Google is asking the High Court to block a breach of privacy legal action launched against it by a group of British Internet users.
The Internet giant’s lawyers are seeking a declaration that the court has no jurisdiction to try their claims, which relate to the Apple Safari Internet browser.
The group, known as Safari Users Against Google's Secret Tracking, accuse Google of bypassing security settings in order to track their online browsing and to target them with personalised advertisements.
The group includes editor and publisher Judith Vidal-Hall, with Robert Hann and Marc Bradshaw, who are both IT security company directors.
They say Google's "clandestine" tracking and collation of Internet usage between summer 2011 and spring 2012 has led to distress and embarrassment among UK users.
They argue Google's bid to block a trial is "misconceived" and the company should "answer to British justice."
Allegations against Google include misuse of private information, breach of confidence and of the 1998 Data Protection Act.

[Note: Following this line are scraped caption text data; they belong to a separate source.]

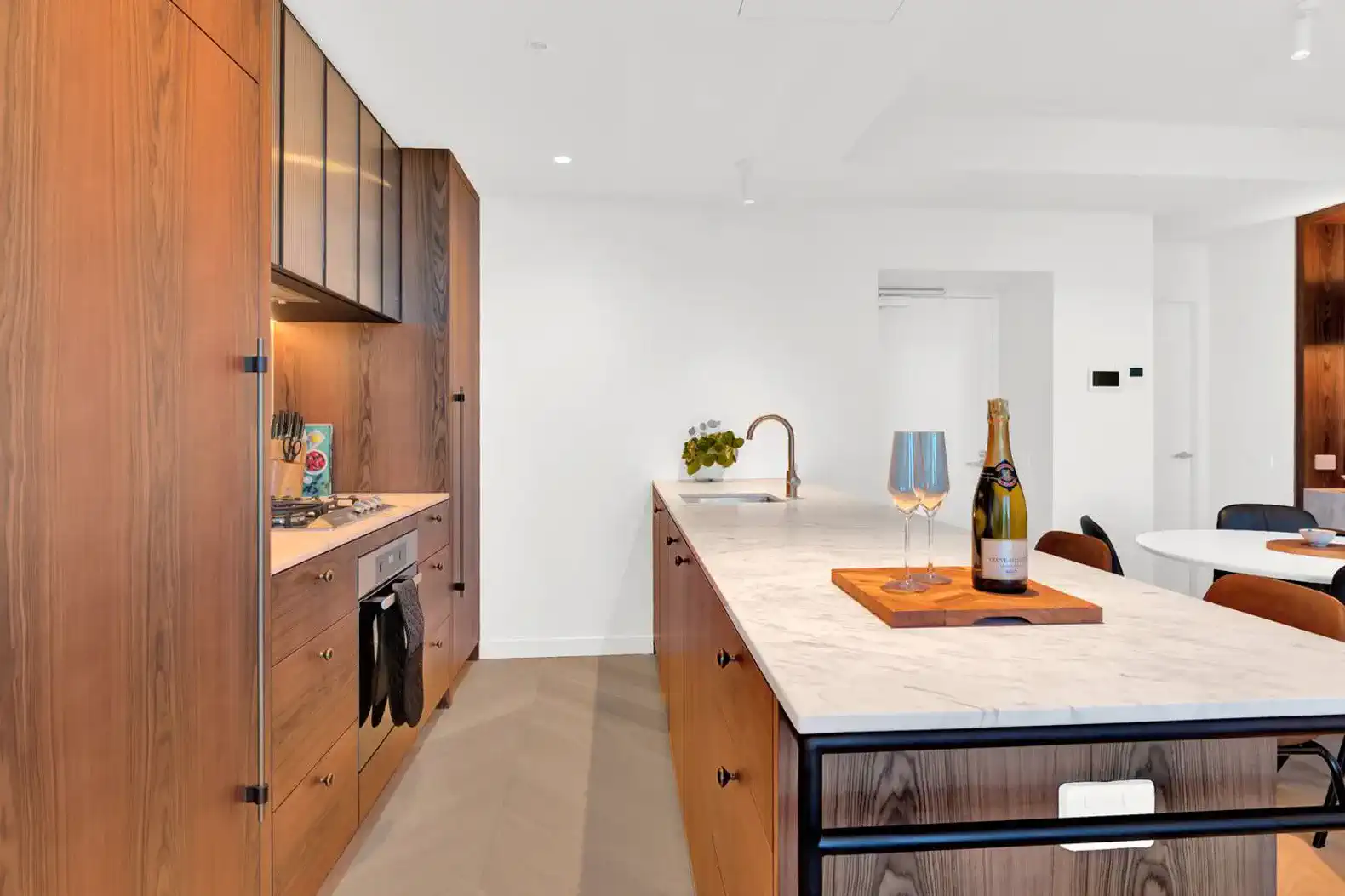 Modern kitchen with wooden cabinetry, marble countertops, and a stylish island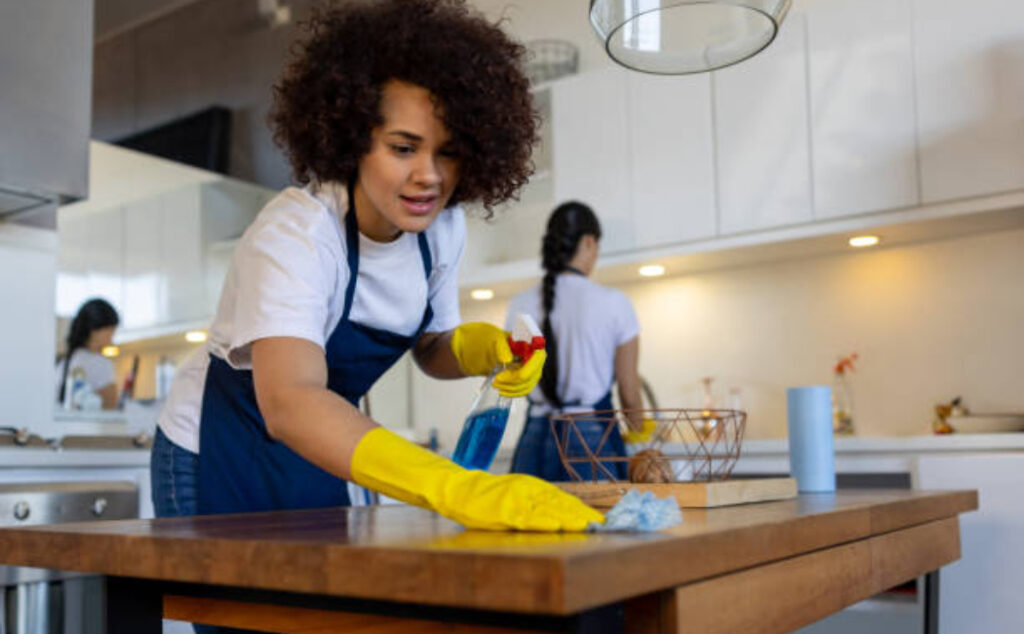 A cleaning expert is using a cloth to clean the dining table in the kitchen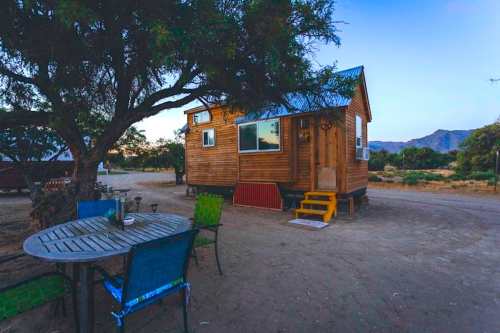 A cozy wooden tiny house beside a table and chairs, set in a serene outdoor landscape with mountains in the background.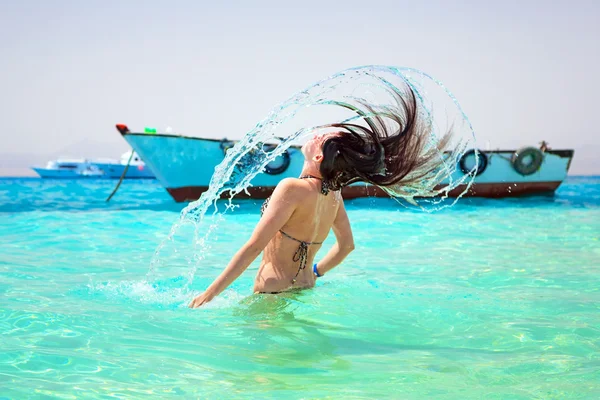 Young brunette jumping out of turquoise water of Red Sea — Stock Photo, Image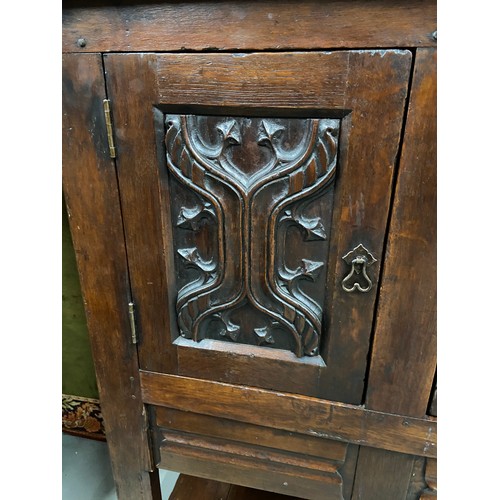 106B - A 17th century style oak buffet cupboard. Designed with two carved panel doors and single under draw... 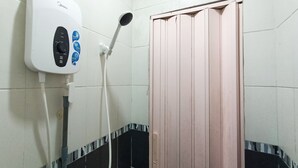 A bathroom with a white hand dryer, a showerhead, and a wooden door.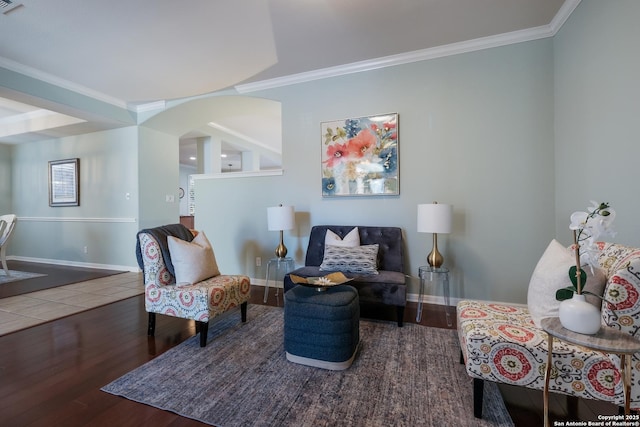 sitting room with ornamental molding and dark hardwood / wood-style flooring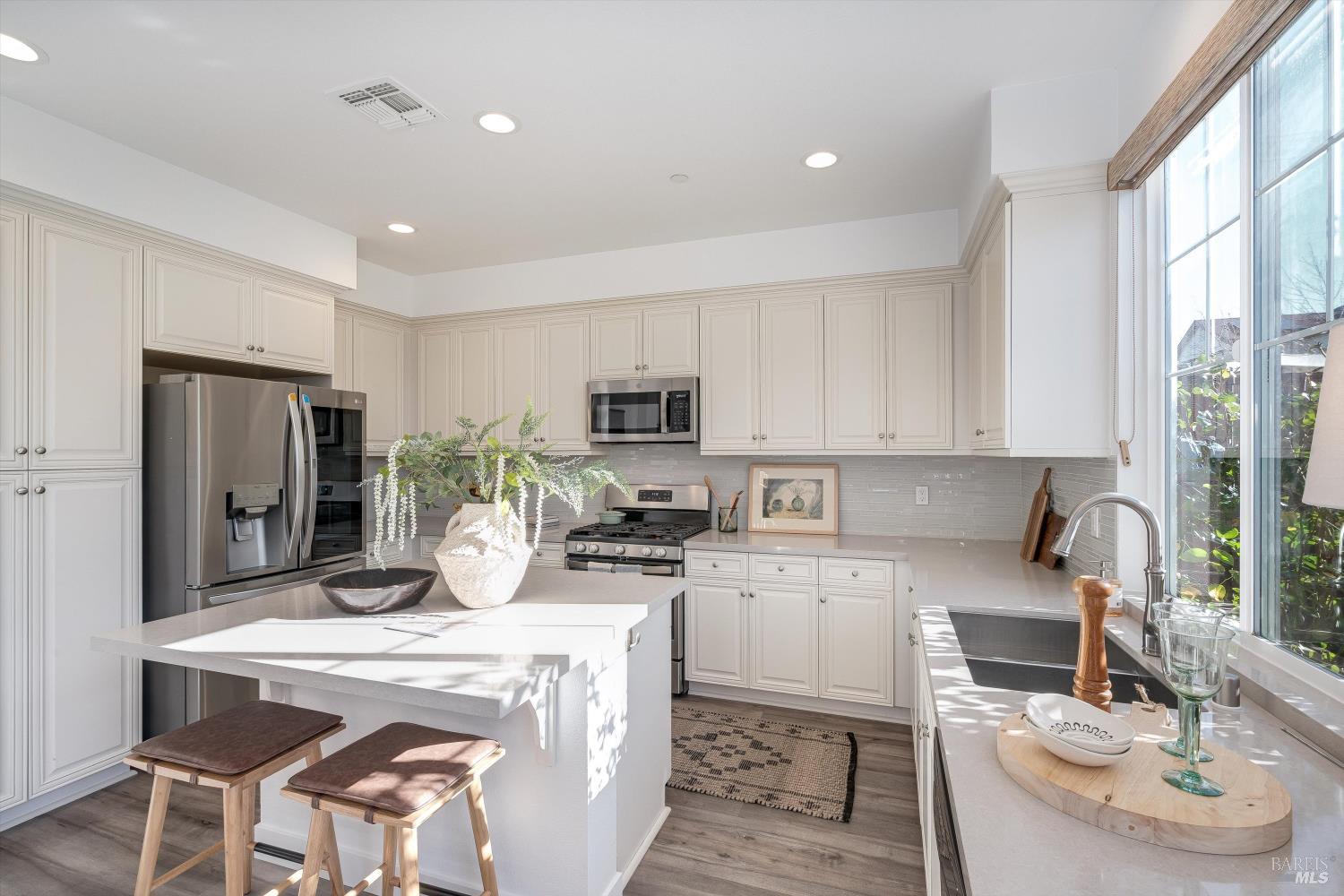 2560 Red Willow Drive Santa Rosa, CA 95403 - Photo 19 of 62 a kitchen with stainless steel appliances granite countertop a sink a stove a refrigerator cabinets and chairs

In particular, it is alleged Google acted directly contrary to a 2009 amendment to a EU Directive which required informed consent before a cookie could be placed on an Internet user's device for tracking and collating purposes related to behavioural advertising.
The users action group says the information was collected and sold to advertisers who used its DoubleClick advertising service.
Google wants London's High Court to rule that the English courts are not the proper place to bring a claim, and dissatisfied Safari users should have launched their claims in the USA, where Google is based.
Antony White QC, appearing for Google, today argued the British claimants had failed to establish that their claims fell within one or more of the legal "gateways" which would allow them to go ahead.
White told Justice Tugendhat that the only potential gateway available required there to be a real basis for concluding that the conduct complained of between summer 2011 to spring 2012 would be "continued or repeated".
He said: "There is no suggestion there is any risk of repetition or continuation of that conduct and good reason to think that it will not be repeated or continued".
In written arguments before the judge, Google, which is registered in Delaware and has its principal business base in California, contends any damages recovered if the claimants win are likely to be "very modest".
A trial would be likely to last six to seven days and cost in the region of £1.2m and be disproportionately expensive.
A trial was likely to be "substantial and complex" and involve a great deal of highly technical evidence about the operation of browsers, websites and cookies.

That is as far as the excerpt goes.